Saturday, July 30, 2016

#458 The Rifleman- Craig Davidson


#458 The Rifleman- Craig Davidson

There’s a certain type of father that gets banned from attending his son’s little league athletics. Usually it’s one of two things: an over-bearing loud attitude that puts too much pressure on the kid, or public intoxication. Hank Mikan was guilty of both. He wanted his son Jason to be the next great basketball shooter, a rifleman. He would drill him until late at night when the neighbors began complaining about the noise.

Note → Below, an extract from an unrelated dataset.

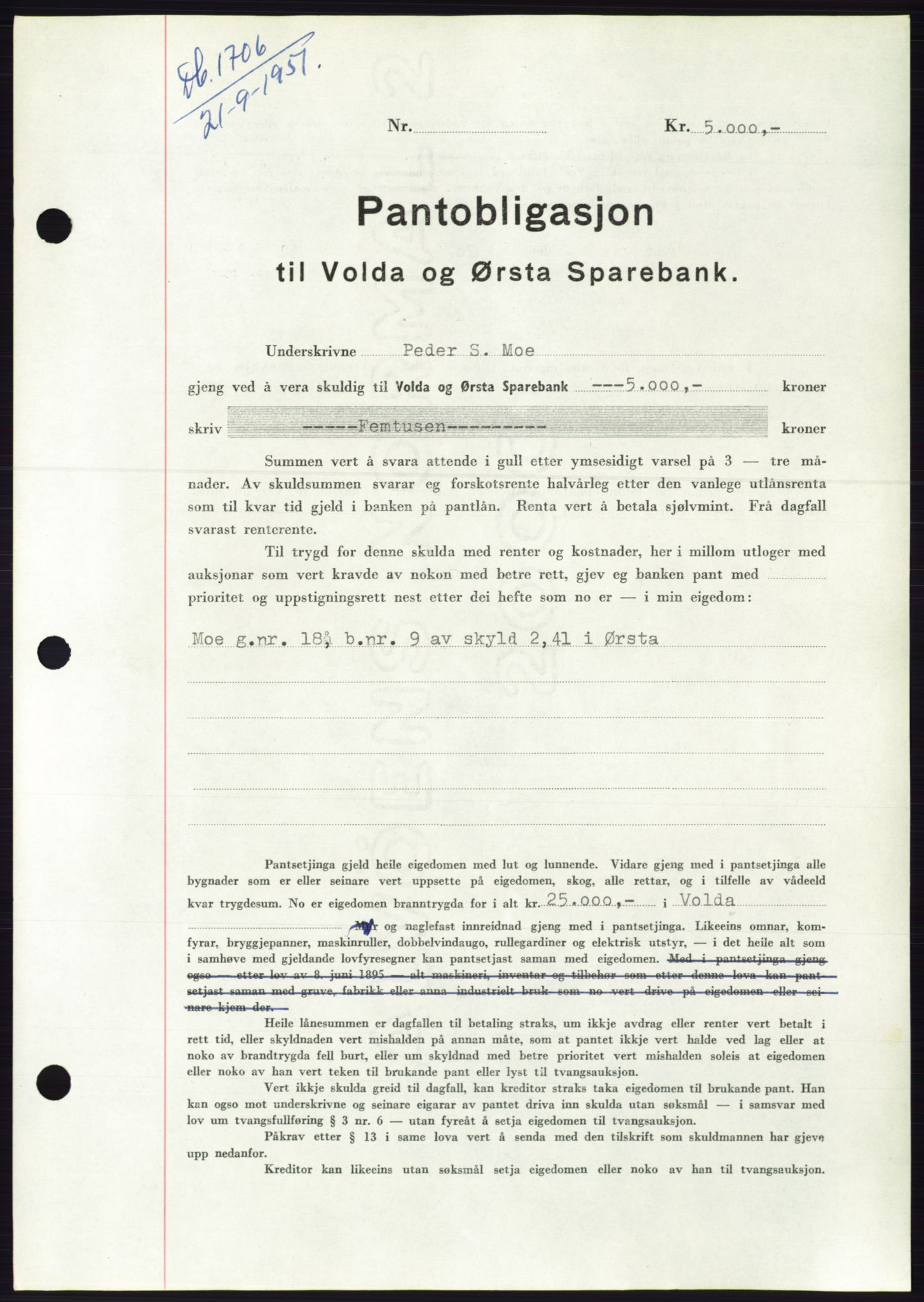 Søre Sunnmøre sorenskriveri, SAT/A-4122/1/2/2C/L0120: Pantebok nr. 8B, 1951-1951, Dagboknr: 1706/1951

Now as Jason is about to get college offers, Hank is barely a part of his life, and not by choice. He is one step away from being a homeless drunk. He is an embarrassment for Jason who wants nothing to do with him. He has made him hate the thing he is best at. The only thing his son has in common with him is basketball. When you get rid of that, what happens?


#457 I Dream of Zenia With the Bright Red Teeth - Margaret Atwood


#457 I Dream of Zenia With the Bright Red Teeth - Margaret Atwood

I read the title and immediately thought of the Stephen Foster song: I Dream of Jeanie with the Light Brown Hair, but the title is where the similarities end. Charise, Roz, and Tony are three friends battling their coming middle-age. Each has had mid-life crises symptoms, some of them as innocuous as regressing to watch vampire movies.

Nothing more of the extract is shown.